Shea nuts and shea butter in a glass bowl


This week’s Ingredient Spotlight column features Shea Butter – yes, that elegant, natural, smooth and velvety substance that is known to be extremely beneficial for your skin.

Shea Butter, also known as the African Karite butter, is a fat that is extracted from the nuts of the Shea tree. The tree is indigenous to countries like Nigeria, Mali, Senegal, Faso and Benin and it is mostly found in the western parts of sub Sahara Africa. The main use of Shea Butter outside of the African continent is in the cosmetics and skin care industry. Shea butter seems to be quite similar to the normal butter that you eat. It has a yellow or a creamish color and is a solid creamy substance. The color of the butter depends on the way it is processed. Raw or unprocessed Shea butter has a yellowish color while processed butter has a creamish color. The biggest difference between the two is that processed Shea butter removes all contaminants as well as the weird smell.

Shea Butter is known to be extremely rich in Vitamins A and E. Both vitamins are considered to be highly beneficial for the skin as they act as antioxidants that undo the radical damage caused on the skin’s surface. According to studies, topical application of Shea Butter also helps people to combat the signs of aging and removes age spots and fine lines. Furthermore, Shea butter can be used to protect the body from the sunlight and also be used to hydrate the skin by preventing water loss.

Shea butter boasts of being extremely therapeutic as it can help to restore damaged or cracked skin. It also boasts of an SPF of 5 which makes it an excellent option to use along with sun protection creams and lotions. Other benefits of Shea butter include soothing dermatitis and eczema and minimizing stretch marks.

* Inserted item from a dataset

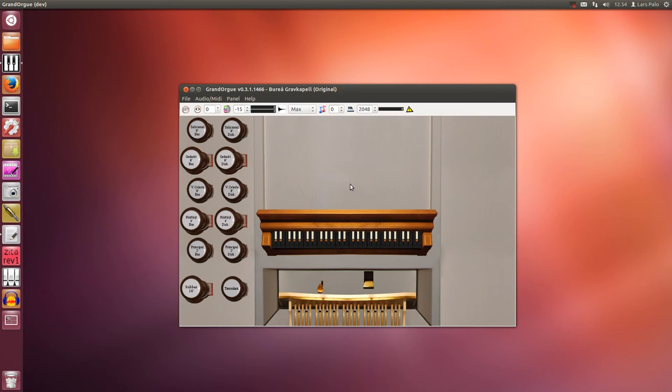Seems to be working. The pedal works too and the expression pedal seems to be working.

Now that the benefits of Shea Butter are much clearer, do you want to know how exactly you can use Shea Butter to benefit your skin? Here are some of the most common applications of Shea Butter.

Lip Balm – Shea Butter can help you to keep your lips protected from the weather and hydrated. It prevents your lips from drying up or cracking. You can also use it on your dry elbows.

Hair Nourishment – Shea Butter is popularly used for hair nourishment purposes. All you need to do is mix some Shea butter in your hair conditioner to give your hair a silky and shiny look. Don’t forget to apply some Shea butter on the roots of your hair to ensure that it has more volume and looks thicker.

Massage Balm – Shea Butter is popularly used as a massage balm. Many spas around the world add essential oils to Shea butter to induce aromatherapy benefits and take care of a variety of skin care solutions.

Sun protection – Shea Butter has a natural Sun Protection Factor (SPF) of 5. This makes it an ideal supplement to your sun protection creams and moisturizers and allows you to protect your skin from the sun as well as ensure that it remains nourished and hydrated.

Moisturizing and hydrating your skin – Rubbing some Shea Butter on your cheeks, hands and elbows can help you make them look hydrated and bring back that long lost glow. The best way to do this is to add a bit of Shea butter to your hot baths. This should help you to hydrate and nourish your entire body.